Luigi Calivà - IL CANTAUTORE - la recensione

Recensione del 11 set 2012 a cura di Franco Zanetti

(Caosfera, 138 pagine, 14 euro)

Voto 4/10

La recensione

"Riferimenti a persone o fatti realmente accaduti sono da considerarsi casuali e non voluti”. Sì, figuriamoci. Luigi Calivà, uno che bazzica l'industria della musica più di trent'anni, scrive un romanzo che nel mondo dell'industria musicale è ambientato, e i “riferimenti” che ci mette “sono casuali e non voluti”. Vabbé, è una formula standard, utile anche per evitare qualche grana, ma mai come in questo caso suona appiccicata e non credibile. Ovvio che se Calivà scrive un libro intitolato “Il cantautore” ci metta dentro quello che sa e quello che ha visto succedere, e ovvio che nei protagonisti del suo romanzo adombri uno o più personaggi che ha incontrato, conosciuto e frequentato. Alcuni sono trasparenti, non è difficile dar loro un nome e un cognome diverso da quello di fantasia (“un avvocato di quelli che se deve fare una causa è facile che scopra di essere il difensore di tutte e due le parti”?) che a volte non è nemmeno molto diverso da quello reale (un vincitore di talent show che si chiama Marco Moroni?) o è proprio quello reale (un promoter con i baffi e la mosca sul mento che si chiama Michele?). Altri sono collage, Frankenstein di più di un dirigente discografico, di più di un impresario, di più di una funzionaria televisiva. Il problema, per chi – come me – analogamente a Calivà bazzica l'ambiente da più di trent'anni, sta nel cercare di leggere il romanzo cercando di non distrarsi giocando al giochino del riconoscimento. Ma è praticamente impossibile. Come è praticamente impossibile non spazientirsi quando l'autore è costretto a dettagliare e a spiegare, nei dialoghi, particolari che nella conversazione fra due addetti ai lavori non verrebbero mai puntualizzati; perché, appunto, certe nozioni appartengono alla competenza e all'esperienza, e non richiedono certo di essere ribadite (in un paio di occasioni Calivà le mette in nota a piè di pagina, a beneficio del lettore inesperto, ma è una soluzione artificiosa).

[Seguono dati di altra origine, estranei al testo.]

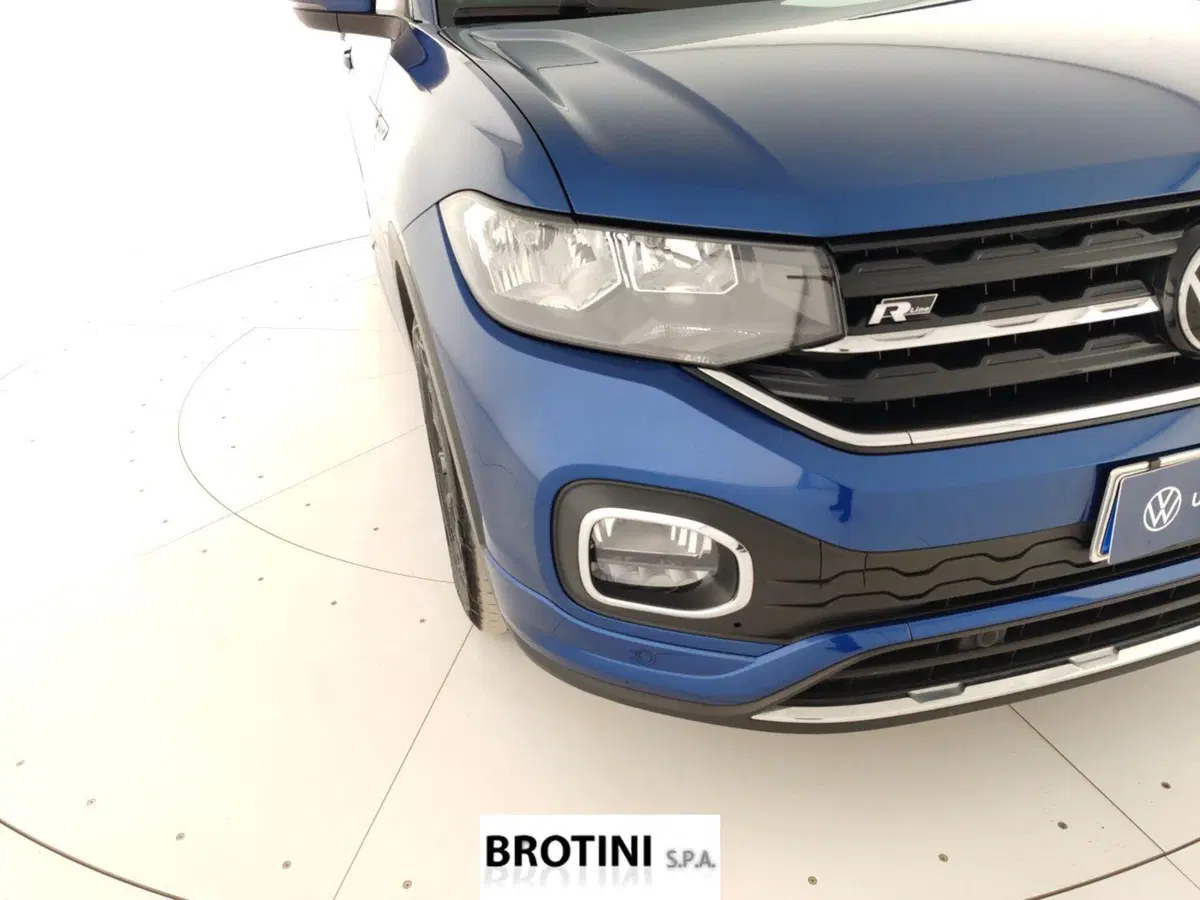 Volkswagen T-Cross usata a Massa-Carrara (5)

E così rimani, finita la storia, un pochino insoddisfatto: già che c'era, Calivà avrebbe potuto usare nomi e cognomi veri (come fa per Fiorella Mannoia, sommergendola di complimenti - e se lo poteva risparmiare), oppure – al contrario – sforzarsi di rendere decisamente non riconoscibili i suoi personaggi. Ha scelto una via di mezzo, ed è per questo che il suo libro resta a metà del guado: un po' documentario, un po' fiction, si chiude con un finale troppo precipitoso e troppo sbrigativo (oltre che ampiamente prevedibile): un peccato di gioventù, professionale s'intende, per un romanziere debuttante, ma anche – è una vecchia storia – l'indizio dell'assenza di un editor avveduto. La prossima volta bisognerà provvedere.